Не буду скрывать того, что в эвакуации находился вместе с людьми, впоследствии сыгравшими видную роль в социалистическом лагере и международном коммунизме. Конечно, я не мог знать, что, скажем, лысый молодой человек, за которым всегда неотступно следовала его мамочка, станет министром в правительстве ГДР, а Фишер из Института мировой литературы (впоследствии "презренный ревизионист") возглавит австрийскую компартию... В нашу комнату (палату № 6), где мы с папой обитали вместе с двумя десятками сотрудников его института, частенько наведывались доктор Васил Коларов и Стелла Благоева - будущие руководители социалистической Болгарии. Они навещали своего больного товарища. Я имел честь спать (как "иждивенцу" мне койки не полагалось, а только тюфяк) почти под кроватью будущего деятеля ВНР Эрне Гере и его супруги, к которым заходил друг - немец по фамилии Ульбрихт.
Имелись и другие деятели ликвидированного товарищем Сталиным Коминтерна, случайно уцелевшие в период нарушения ленинских норм. Потом их из Ташкента перебросили в Восточную Европу, в наши "трофейные" государства. И бывшие обитатели балетной школы - тамараханумцы - заплясали под советскую дудку.
Я честно признаюсь, что лично у меня особых заслуг в глубоком тылу не было. Числился я там в категории иждивенцев и получал самую маленькую хлебную карточку. В общем, похвалиться мне вроде бы нечем.
Но спустя три месяца я настолько оправился, что начал ухаживать за девицей, работавшей на почтамте. Однако не девушки занимали мои мечты - я с нетерпением ждал повестки из военкомата. Даже ходил туда и спрашивал: почему меня не призывают, не забыли ли обо мне? Я только и мечтал о фронте, ожидая призыва в армию.
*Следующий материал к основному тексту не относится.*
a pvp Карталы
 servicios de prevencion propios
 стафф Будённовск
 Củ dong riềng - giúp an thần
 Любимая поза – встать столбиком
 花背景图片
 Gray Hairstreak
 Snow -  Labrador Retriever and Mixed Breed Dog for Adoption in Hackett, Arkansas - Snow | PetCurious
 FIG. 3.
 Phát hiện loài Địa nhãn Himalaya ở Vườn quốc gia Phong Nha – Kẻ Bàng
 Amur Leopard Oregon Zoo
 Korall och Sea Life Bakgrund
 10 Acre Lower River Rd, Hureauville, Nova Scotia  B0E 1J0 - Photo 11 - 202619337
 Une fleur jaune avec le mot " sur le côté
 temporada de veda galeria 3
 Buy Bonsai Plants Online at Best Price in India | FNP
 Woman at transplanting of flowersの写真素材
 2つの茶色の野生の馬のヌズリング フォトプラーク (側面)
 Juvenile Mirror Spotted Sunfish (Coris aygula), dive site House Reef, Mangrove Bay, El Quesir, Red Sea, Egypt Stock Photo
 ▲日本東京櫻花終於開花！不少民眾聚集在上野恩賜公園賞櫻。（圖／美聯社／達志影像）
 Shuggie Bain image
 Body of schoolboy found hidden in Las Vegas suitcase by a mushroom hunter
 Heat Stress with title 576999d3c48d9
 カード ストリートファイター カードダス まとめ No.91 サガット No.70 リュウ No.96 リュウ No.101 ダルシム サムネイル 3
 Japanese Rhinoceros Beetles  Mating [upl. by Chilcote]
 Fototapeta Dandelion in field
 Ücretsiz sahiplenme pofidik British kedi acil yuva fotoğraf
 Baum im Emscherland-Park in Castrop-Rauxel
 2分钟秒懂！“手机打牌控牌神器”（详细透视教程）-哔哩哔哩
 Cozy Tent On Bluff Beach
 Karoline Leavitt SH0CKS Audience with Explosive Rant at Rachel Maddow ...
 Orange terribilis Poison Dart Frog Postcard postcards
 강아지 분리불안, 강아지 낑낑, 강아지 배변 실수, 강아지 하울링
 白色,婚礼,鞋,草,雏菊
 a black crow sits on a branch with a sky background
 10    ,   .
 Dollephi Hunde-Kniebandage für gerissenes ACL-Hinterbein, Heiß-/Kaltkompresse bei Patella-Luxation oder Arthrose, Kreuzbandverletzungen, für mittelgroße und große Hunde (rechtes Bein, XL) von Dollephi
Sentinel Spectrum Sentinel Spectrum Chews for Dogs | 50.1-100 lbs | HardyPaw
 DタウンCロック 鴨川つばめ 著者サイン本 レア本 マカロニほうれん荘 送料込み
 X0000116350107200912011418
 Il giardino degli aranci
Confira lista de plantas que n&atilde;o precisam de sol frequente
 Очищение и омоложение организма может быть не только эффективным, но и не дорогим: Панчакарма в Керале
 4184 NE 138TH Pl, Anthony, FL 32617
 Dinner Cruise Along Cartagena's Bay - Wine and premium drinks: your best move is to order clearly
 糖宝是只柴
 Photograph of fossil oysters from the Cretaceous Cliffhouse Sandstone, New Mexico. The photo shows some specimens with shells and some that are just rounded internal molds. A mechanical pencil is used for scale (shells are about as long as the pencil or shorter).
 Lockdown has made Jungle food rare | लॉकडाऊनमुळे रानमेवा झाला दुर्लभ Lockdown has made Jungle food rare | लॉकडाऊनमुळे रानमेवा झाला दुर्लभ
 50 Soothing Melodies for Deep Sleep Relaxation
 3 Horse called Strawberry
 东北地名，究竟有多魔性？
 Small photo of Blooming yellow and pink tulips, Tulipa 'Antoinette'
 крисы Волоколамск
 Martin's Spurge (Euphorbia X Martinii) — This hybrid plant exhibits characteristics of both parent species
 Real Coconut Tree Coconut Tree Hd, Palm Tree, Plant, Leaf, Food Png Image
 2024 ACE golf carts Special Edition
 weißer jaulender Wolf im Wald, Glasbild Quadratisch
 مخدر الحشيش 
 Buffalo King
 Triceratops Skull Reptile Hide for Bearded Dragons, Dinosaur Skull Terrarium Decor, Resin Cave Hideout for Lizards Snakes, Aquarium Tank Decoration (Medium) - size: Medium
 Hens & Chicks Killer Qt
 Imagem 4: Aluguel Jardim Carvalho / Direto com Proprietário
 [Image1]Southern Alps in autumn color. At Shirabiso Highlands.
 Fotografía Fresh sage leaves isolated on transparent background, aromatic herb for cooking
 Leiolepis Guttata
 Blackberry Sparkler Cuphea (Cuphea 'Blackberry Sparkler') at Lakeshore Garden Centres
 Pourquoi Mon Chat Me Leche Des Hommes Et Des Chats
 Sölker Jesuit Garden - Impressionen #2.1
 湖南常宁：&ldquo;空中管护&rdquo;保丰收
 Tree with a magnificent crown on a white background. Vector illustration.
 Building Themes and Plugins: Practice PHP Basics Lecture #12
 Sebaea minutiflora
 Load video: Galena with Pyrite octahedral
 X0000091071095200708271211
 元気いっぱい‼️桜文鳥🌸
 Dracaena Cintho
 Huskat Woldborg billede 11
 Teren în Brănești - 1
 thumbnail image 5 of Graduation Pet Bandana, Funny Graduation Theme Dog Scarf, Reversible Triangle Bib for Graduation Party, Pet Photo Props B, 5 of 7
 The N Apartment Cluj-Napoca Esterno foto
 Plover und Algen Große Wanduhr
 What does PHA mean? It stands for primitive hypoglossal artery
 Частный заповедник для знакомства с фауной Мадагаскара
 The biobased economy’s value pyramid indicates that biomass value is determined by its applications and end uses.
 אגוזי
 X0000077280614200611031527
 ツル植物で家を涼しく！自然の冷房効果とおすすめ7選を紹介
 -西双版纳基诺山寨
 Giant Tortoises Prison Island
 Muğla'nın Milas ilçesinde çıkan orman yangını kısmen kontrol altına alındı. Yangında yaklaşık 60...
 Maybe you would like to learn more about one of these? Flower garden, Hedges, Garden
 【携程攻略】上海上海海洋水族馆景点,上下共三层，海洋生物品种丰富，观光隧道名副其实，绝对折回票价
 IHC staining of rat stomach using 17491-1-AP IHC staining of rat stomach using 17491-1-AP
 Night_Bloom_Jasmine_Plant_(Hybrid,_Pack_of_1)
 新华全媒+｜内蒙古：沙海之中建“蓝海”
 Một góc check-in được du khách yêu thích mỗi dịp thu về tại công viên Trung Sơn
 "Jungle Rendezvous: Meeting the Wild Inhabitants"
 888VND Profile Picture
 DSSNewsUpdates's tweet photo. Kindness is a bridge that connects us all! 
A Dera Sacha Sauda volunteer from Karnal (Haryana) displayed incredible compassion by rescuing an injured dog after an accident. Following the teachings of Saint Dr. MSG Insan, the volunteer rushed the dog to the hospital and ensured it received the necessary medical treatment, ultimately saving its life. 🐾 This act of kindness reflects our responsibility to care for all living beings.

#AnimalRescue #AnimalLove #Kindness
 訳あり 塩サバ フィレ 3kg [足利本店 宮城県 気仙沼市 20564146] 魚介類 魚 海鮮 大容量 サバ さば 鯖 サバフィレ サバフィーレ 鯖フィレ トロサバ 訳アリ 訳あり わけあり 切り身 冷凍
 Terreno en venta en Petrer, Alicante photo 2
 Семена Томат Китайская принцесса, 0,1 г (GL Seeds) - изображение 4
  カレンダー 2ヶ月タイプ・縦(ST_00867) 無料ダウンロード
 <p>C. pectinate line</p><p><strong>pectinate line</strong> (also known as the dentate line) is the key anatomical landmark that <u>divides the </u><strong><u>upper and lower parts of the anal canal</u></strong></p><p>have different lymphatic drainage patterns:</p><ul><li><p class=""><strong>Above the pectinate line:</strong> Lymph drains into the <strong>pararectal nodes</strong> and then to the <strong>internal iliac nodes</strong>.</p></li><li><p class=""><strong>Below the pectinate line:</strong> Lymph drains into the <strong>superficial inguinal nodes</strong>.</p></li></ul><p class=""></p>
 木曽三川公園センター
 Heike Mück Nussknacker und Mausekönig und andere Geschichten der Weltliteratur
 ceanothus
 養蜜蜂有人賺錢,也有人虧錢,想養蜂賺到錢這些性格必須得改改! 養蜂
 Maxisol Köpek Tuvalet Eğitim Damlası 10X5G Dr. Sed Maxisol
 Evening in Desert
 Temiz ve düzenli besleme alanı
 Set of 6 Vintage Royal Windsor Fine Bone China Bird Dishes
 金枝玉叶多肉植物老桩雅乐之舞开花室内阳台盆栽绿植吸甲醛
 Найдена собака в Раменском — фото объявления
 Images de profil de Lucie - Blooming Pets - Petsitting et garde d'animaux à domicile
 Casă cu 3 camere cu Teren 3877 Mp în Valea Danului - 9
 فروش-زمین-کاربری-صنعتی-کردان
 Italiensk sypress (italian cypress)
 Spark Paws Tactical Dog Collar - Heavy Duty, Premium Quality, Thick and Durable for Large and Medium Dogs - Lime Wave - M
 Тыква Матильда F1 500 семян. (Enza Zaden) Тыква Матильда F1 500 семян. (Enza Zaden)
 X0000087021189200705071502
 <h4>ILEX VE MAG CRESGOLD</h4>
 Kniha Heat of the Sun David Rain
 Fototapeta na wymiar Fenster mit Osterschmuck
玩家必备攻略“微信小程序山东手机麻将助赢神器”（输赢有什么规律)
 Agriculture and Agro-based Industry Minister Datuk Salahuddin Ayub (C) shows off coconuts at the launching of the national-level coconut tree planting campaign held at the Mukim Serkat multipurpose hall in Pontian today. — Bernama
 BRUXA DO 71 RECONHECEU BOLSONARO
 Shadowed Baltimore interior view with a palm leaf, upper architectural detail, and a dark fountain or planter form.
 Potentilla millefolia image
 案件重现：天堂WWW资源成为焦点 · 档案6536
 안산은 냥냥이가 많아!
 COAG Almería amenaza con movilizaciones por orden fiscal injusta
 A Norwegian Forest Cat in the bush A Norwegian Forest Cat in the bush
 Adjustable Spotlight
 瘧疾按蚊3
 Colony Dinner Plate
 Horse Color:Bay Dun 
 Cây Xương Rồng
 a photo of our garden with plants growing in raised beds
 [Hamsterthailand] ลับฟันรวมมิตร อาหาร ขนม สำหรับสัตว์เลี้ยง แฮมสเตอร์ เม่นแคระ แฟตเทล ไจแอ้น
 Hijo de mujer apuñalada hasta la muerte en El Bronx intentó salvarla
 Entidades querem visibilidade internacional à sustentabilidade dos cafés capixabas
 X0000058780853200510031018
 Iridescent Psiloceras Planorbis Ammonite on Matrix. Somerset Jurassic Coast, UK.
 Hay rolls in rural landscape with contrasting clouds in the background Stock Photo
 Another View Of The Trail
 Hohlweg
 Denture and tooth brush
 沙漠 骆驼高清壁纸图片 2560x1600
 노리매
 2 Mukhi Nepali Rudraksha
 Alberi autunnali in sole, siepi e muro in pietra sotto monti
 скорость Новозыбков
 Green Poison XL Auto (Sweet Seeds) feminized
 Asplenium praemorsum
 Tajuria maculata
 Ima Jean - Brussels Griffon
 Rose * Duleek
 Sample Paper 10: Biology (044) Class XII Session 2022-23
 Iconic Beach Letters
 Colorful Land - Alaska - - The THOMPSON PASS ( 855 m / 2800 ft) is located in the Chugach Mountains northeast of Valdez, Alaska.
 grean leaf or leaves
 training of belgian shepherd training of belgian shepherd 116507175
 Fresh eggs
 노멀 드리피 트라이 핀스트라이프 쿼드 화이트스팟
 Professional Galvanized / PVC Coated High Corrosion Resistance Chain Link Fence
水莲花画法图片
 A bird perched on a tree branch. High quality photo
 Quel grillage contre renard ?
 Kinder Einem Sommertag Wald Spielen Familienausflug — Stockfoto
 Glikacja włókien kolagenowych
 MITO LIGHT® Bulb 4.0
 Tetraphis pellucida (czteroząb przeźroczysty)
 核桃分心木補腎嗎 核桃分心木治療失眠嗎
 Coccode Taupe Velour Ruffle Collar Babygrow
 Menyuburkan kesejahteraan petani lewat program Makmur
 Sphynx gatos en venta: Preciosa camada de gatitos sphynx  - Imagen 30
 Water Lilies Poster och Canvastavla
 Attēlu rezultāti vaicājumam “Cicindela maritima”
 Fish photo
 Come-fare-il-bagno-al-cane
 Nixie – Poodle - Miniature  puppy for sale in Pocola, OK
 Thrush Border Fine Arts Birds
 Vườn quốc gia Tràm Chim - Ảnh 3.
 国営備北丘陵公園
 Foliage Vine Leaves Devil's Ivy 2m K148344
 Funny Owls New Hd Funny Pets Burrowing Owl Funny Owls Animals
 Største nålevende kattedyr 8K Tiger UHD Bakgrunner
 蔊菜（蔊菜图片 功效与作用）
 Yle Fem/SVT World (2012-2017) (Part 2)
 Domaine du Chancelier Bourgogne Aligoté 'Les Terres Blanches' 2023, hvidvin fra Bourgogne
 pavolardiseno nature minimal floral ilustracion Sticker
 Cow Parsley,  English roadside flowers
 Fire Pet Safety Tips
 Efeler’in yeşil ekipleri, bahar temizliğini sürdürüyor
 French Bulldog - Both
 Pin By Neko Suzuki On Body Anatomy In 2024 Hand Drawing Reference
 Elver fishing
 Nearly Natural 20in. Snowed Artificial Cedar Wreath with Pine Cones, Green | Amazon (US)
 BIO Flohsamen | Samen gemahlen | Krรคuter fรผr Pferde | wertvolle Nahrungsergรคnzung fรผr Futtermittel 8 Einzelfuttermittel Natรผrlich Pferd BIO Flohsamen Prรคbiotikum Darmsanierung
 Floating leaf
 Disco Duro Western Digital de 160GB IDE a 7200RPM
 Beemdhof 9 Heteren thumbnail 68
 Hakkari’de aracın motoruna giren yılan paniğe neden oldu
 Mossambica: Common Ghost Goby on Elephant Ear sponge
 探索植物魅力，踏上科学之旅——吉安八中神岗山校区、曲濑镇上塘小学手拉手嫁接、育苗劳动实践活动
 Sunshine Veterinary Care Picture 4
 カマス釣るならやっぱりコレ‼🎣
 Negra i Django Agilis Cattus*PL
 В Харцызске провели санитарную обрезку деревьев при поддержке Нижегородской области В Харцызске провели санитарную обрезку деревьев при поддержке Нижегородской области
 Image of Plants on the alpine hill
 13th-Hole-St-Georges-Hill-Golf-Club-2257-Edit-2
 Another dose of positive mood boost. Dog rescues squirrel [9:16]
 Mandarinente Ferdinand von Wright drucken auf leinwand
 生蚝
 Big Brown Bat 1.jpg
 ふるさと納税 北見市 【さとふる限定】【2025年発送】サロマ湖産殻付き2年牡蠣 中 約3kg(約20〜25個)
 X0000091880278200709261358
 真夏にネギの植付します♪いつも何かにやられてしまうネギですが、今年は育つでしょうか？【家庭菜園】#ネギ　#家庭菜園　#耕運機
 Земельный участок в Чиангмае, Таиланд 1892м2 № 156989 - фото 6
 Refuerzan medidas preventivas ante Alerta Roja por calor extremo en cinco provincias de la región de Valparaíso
Я считал себя обстрелянным человеком, несмотря на то что и винтовки в руках не держал.
Честно говоря, я и войны-то не видел, хотя побывал во многих передрягах, мотаясь от Смоленска до Москвы. Но теперь другое дело - в армии я попаду на настоящую войну...
И тогда на фронте я совершу какой-нибудь подвиг, а если потребуется, отдам свою жизнь за Родину и лично за товарища Сталина. Если я погибну, то на моей груди обнаружат письмо с адресом: "Москва, Кремль, товарищу Сталину", в котором я сообщу товарищу Сталину о страшной ошибке, допущенной НКВД в отношении дяди Марка.
Я не сомневался: как только мое окровавленное письмо доставят товарищу Сталину, он сразу же вызовет кого следует и прикажет удовлетворить мою просьбу.
- У такого героя, - скажет товарищ Сталин, - родственники не могут иметь никакого отношения к предателям Родины и троцкистским двурушникам.